There are lots of myths out there surrounding affiliate marketing, and these can frequently cause brands/businesses to pass on these kinds of programs. It’s important you understand some of these myths so you can make the correct decisions for the future growth of your business.
Whether you’re the brand manager at a Fortune 100 brand or the marketing director/everything else at a startup, setting up a solid affiliate program can open a revenue avenue without much of the hassle usually associated with setting up new marketing initiatives.
1. Affiliate systems are quick and easy to manage
An affiliate marketing program is a lot of work, and in most situations there’s a lot of competition so you’re not going to be bringing in money immediately. Business owners and entrepreneurs suppose that all you need do is setup a site and choose an affiliate to associate with and then just let it run its course. But according to Three Ladders Marketing, only 0.6% of affiliate marketers surveyed have been in the game since 2013. That means that affiliate marketing takes time and effort to build and make money.
The affiliate marketing business relies on fostering relationships. You foster these relationships by:
*Bringing the right partners into your program
*Seeking out better and more efficient partnerships
*Updating your content regularly to keep things new and fresh.
An affiliate program is only going to help bring traffic to your website or business; you are in charge of turning that traffic into conversions.
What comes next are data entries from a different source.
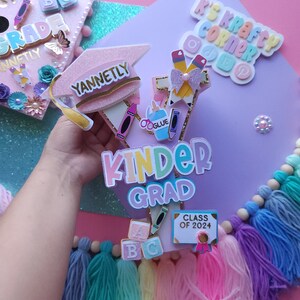 May include: A pink graduation cap with the word "Yannetly" on it, a rainbow "Kinder Grad" banner, and a blue sign that says "Class of 2024". The cap is decorated with colorful pencils, crayons, and a glue bottle. There are also colorful tassels and wooden blocks with letters on them.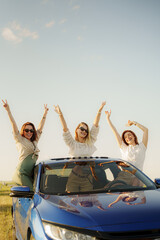 Obraz premium Happy young female friends in casual clothes and sunglasses raising arms in excitement while standing through window and roof of car while on vacation in countryside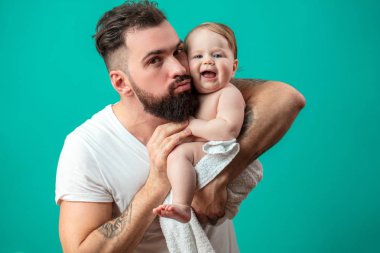 Oynak babası onun gülümseyen bebek çocuk boynuna mavi arka plan üzerinde taşıyor.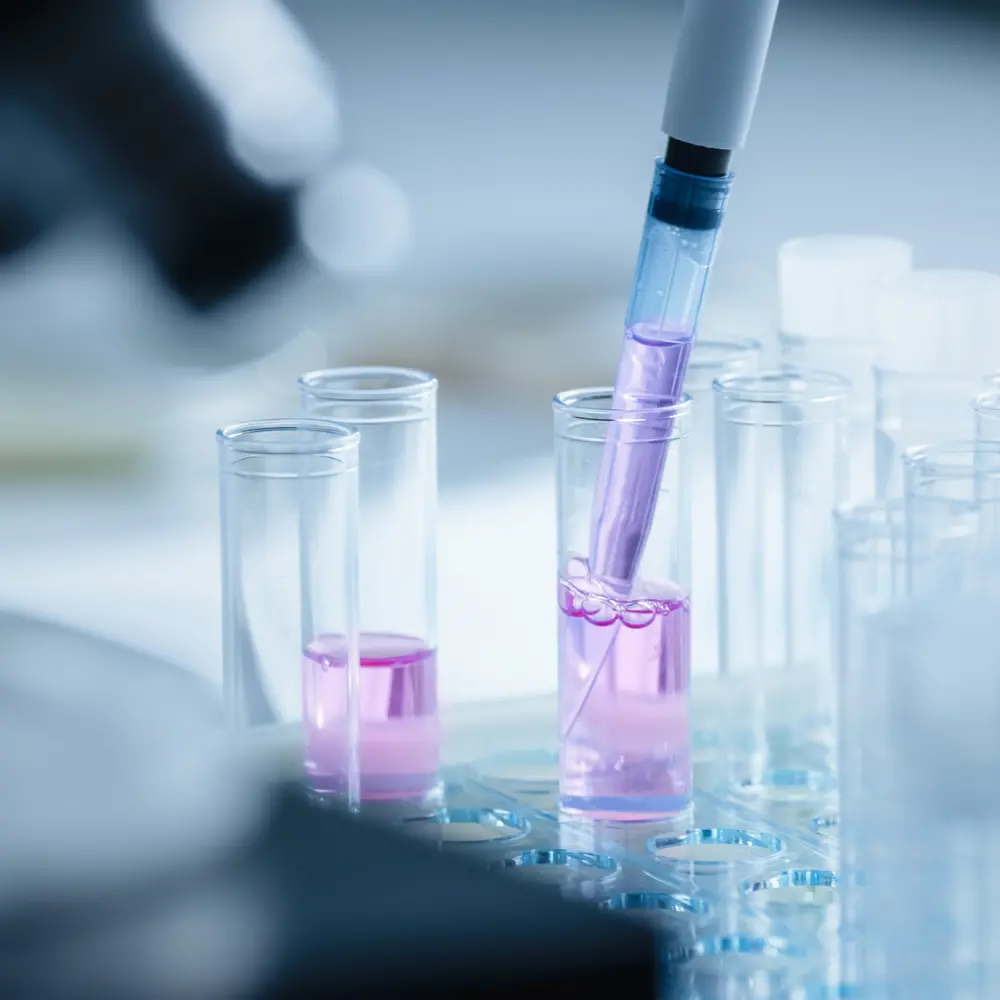 A researcher adding drops of liquid to a test tube using a micropipette.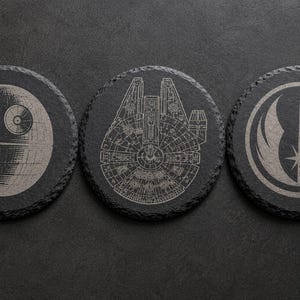 May include: Three circular black slate coasters with rough, textured edges. Each coaster features a different laser-engraved design: a Death Star, a Millennium Falcon, and a Jedi Order symbol. The engravings are light gray against the dark stone.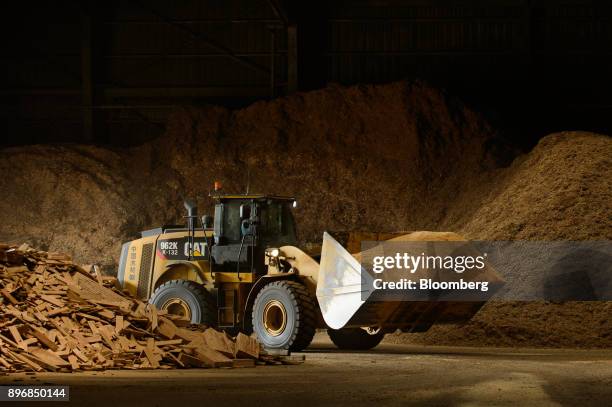Front loader moves sawdust in a yard at the Gonoike Biomass Power Station, operated by Gonoike Bioenergy Corp., a subsidiary of Mitsubishi Corp., in...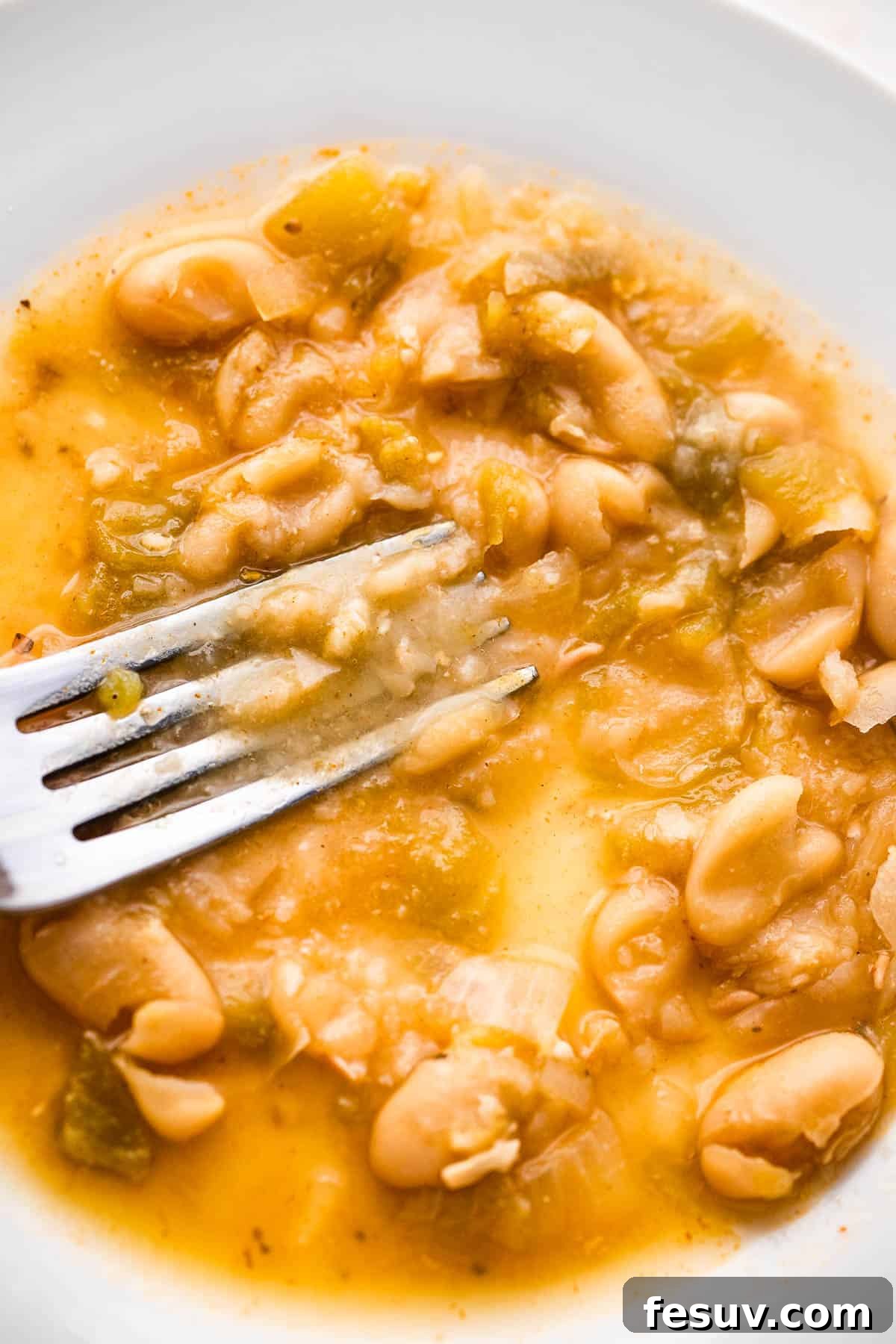 A close-up shot of a fork mashing cannellini beans on a white plate, demonstrating a technique for thickening chili.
2. You need to work in a very popular and lucrative niche to make affiliate marketing work for your business.
A lot of companies do not even bother trying an affiliate marketing program because they think their market is too little. Some companies will try and break into bigger niches even if they don’t have any interest in the market niche.
It is true that popular niches do better with affiliate marketing, but that doesn’t mean you do not have a chance at success. Stay in line with the goals and mission statement of your company and find affiliates who understand the relevance of working in a market where you are comfortable.
3. Affiliate marketing is a strategy of yesterday
Due to Google’s new algorithms for SEO, link building is becoming outdated which can discourage affiliate activity. Even if this is the case, there are many new ways to use SEO and build your brand.
You might come across a couple of link problems with Google if you are not managing your program, but for the most part the entire notion of affiliate marketing still makes sense to Google –it offers another relevant and related resource to consumers.
4. Success in affiliate marketing comes from getting your product on as many sites as possible
The best way to think about affiliate marketing is quality over quantity. There are a lot of small websites that will promote your product, but the key is finding a small number of partners that will deliver conversions. For example, an equity management services firm has over 20,000 affiliates in its system, but only about 25 affiliates generate 85 percent of revenue.
The real deliverables will be dependent on locating the right affiliates, big or small, which drive results. According to the same study done by Three Ladders Marketing, the most traffic for affiliates were driven by SEO, 79% and social media, 60%.
Although studies show that affiliate marketing isn’t easy, as you remember to foster relationships, focus on your niche, focus on a few key affiliates, and create a system that generates performance for both the advertiser and the affiliate you can drive profit and conversions for your small business.
There are caution flags, however when it comes to affiliate marketing. In a piece late last year, Affiliate Theft Could Be Costing You Millions, Forbes contributor Jabez LeBret wrote of unscrupulous affiliate marketers’ tactics which cost brands and businesses millions of dollars every year.
LeBret adds that affiliate theft”…could be preventing you (brands/businesses) from beating profit expectations while making it difficult for you to properly allocate your marketing budget to programs that are working.